*Task item*.
If a line in the records below contains the word "Women", copy it out.

◆ ◆ ◆ ◆ ◆ ◆ ◆

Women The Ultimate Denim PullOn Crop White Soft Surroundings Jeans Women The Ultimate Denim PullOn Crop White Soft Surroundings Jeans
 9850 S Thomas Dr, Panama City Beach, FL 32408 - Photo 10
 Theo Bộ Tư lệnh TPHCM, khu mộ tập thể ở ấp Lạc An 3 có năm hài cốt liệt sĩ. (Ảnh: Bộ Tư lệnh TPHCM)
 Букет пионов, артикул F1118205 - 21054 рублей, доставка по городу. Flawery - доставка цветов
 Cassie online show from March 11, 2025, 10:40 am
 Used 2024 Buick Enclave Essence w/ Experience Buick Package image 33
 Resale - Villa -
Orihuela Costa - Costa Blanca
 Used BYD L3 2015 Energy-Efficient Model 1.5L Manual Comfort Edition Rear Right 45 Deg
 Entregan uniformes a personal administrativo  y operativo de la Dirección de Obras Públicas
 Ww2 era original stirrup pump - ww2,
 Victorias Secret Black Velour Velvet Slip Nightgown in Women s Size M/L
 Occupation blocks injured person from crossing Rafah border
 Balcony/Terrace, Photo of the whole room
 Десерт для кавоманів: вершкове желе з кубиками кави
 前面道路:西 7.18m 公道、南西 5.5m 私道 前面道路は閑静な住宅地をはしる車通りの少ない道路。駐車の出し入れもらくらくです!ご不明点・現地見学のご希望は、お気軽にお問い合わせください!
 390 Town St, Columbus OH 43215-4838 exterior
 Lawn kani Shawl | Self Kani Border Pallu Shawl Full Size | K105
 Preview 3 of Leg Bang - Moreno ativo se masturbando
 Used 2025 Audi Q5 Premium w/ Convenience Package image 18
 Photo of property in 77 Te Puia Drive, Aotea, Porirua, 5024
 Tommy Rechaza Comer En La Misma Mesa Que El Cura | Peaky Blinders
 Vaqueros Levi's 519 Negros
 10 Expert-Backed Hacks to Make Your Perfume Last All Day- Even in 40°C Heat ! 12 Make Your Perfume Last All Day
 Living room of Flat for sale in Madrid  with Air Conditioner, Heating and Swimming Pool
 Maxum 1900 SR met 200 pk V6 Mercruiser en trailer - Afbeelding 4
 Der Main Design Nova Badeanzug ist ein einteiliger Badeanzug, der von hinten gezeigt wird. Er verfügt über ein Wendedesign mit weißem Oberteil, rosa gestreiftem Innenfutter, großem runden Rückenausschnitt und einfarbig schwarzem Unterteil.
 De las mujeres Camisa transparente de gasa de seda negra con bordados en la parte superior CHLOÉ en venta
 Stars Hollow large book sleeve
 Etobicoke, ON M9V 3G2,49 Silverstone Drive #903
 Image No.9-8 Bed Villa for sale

◆ ◆ ◆ ◆ ◆ ◆ ◆

*Expected answer*.
Women The Ultimate Denim PullOn Crop White Soft Surroundings Jeans Women The Ultimate Denim PullOn Crop White Soft Surroundings Jeans
 Victorias Secret Black Velour Velvet Slip Nightgown in Women s Size M/L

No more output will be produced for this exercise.